EXERCISE INSTRUCTIONS: Would you print only the lines running from the one with "used 2022 Ram 3500 car, priced at $49,746" to the final line of the data below, word for word and without pictures?

(DATA RECORDS Opens)

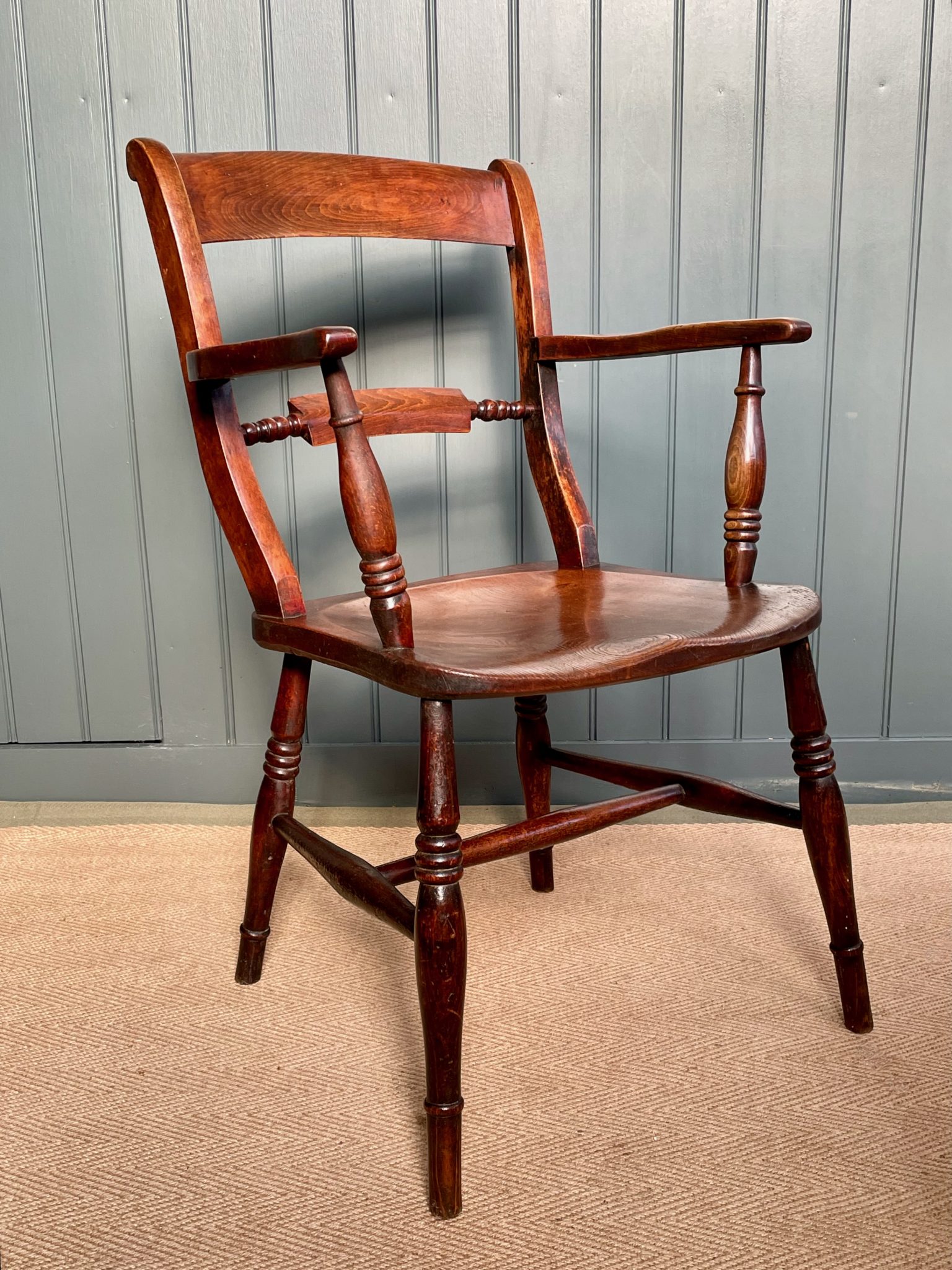 Elm Chair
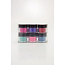 Mia Secret Mia Secret - Nail Art Powder - Aladdin - 6 count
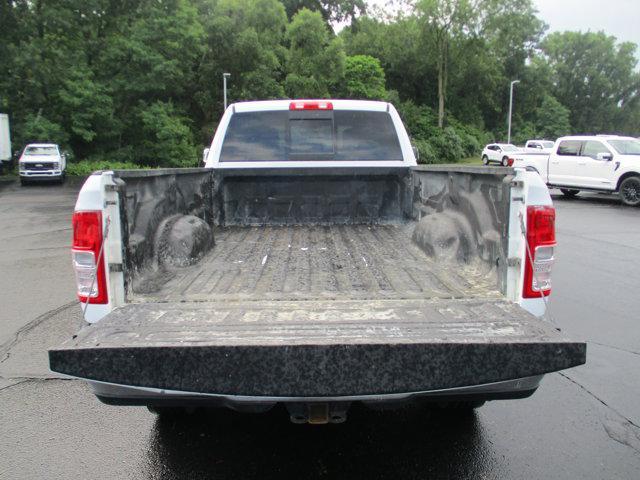 used 2022 Ram 3500 car, priced at $49,746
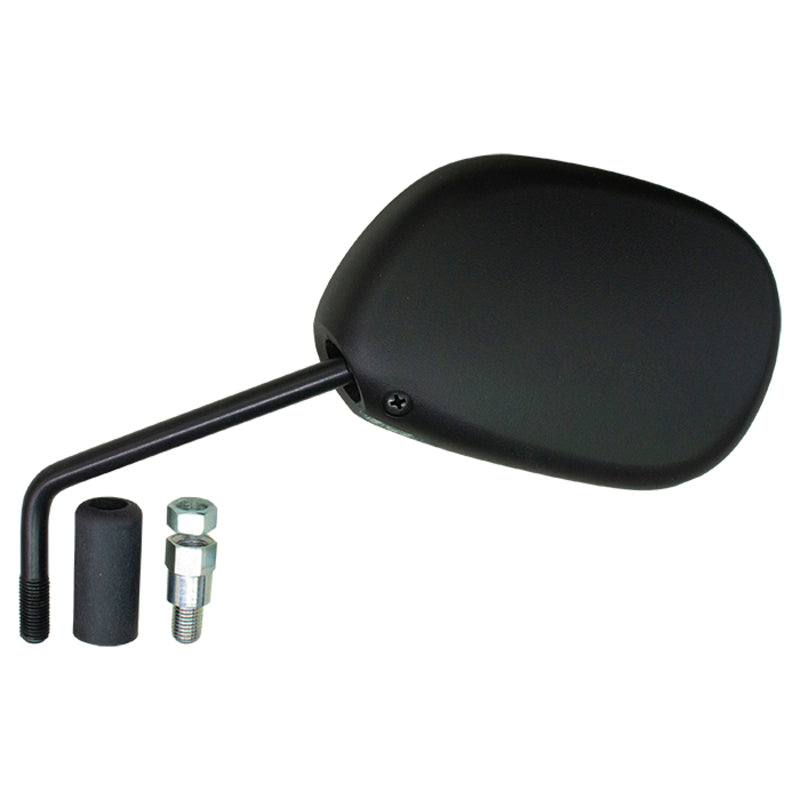 HIGHSIDER smart OEM-Type -Rückspiegel links schwarz (Stck)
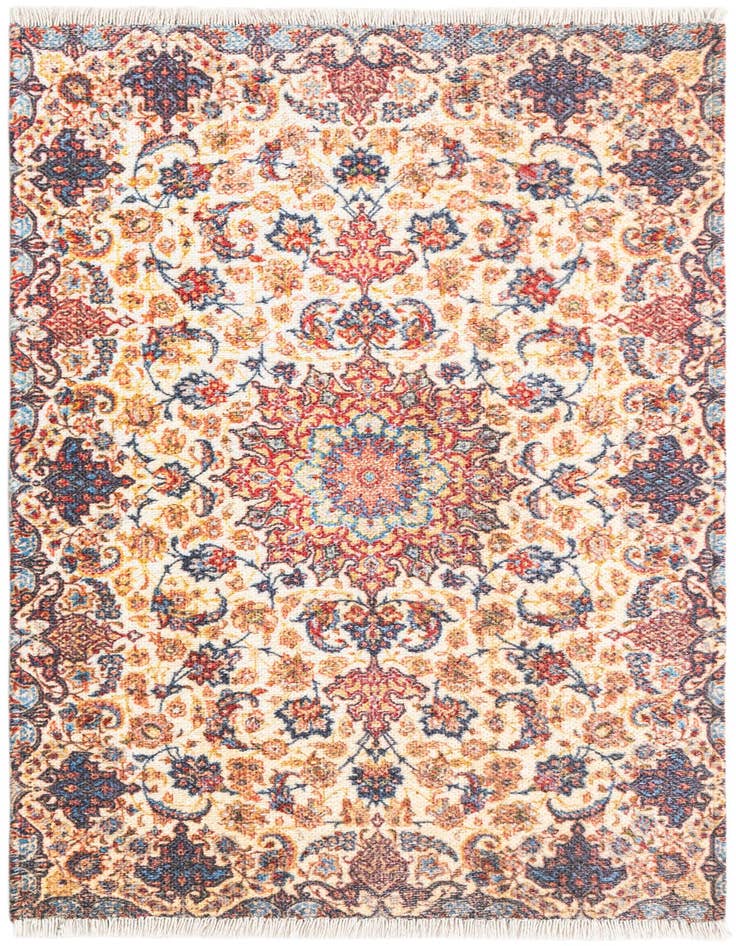 Detail image of 2' x 3' 1 Boutique Rug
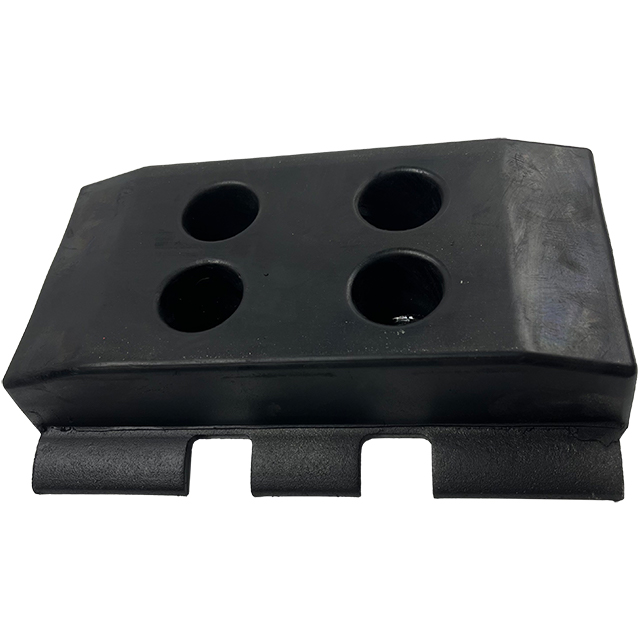 PN.RM80607260 Rubber Track Pad for W1900 BF600C S1100-3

(DATA RECORDS Closes)

ANSWER SPACE:
 used 2022 Ram 3500 car, priced at $49,746
 HIGHSIDER smart OEM-Type -Rückspiegel links schwarz (Stck)
 Detail image of 2' x 3' 1 Boutique Rug
 PN.RM80607260 Rubber Track Pad for W1900 BF600C S1100-3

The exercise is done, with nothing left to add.